- GIVEN MATERIAL
+ + + + + + +

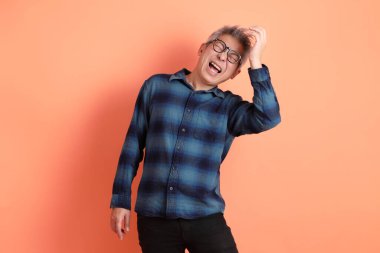 Yeşil ekose giysili Asyalı son sınıf öğrencisi gözlüklü ve turuncu arka planda izole edilmiş stres jesti takıyor. Turist, akıllı gündelik.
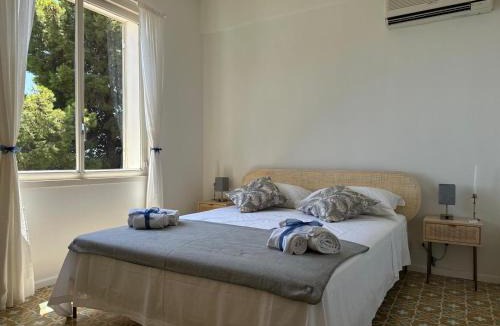 Mazzaro Apartment | FronteMare & MariMare Isola Bella Apartment by Taormina Holidays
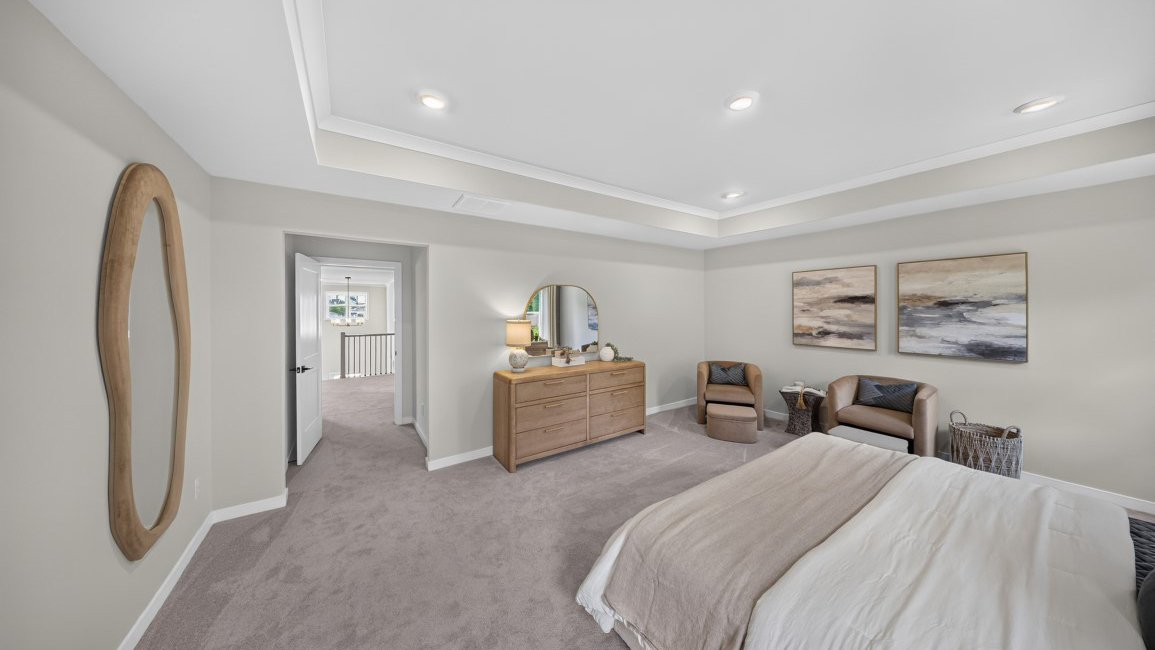 Primary carpeted bedroom with windows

+ + + + + + +

- EXERCISE PROMPT
Print only the lines from the one with "Mazzaro Apartment |" through the last line of the data above, exactly and with both ends, and please omit any pictures.

- OUTPUT
 Mazzaro Apartment | FronteMare & MariMare Isola Bella Apartment by Taormina Holidays
 Primary carpeted bedroom with windows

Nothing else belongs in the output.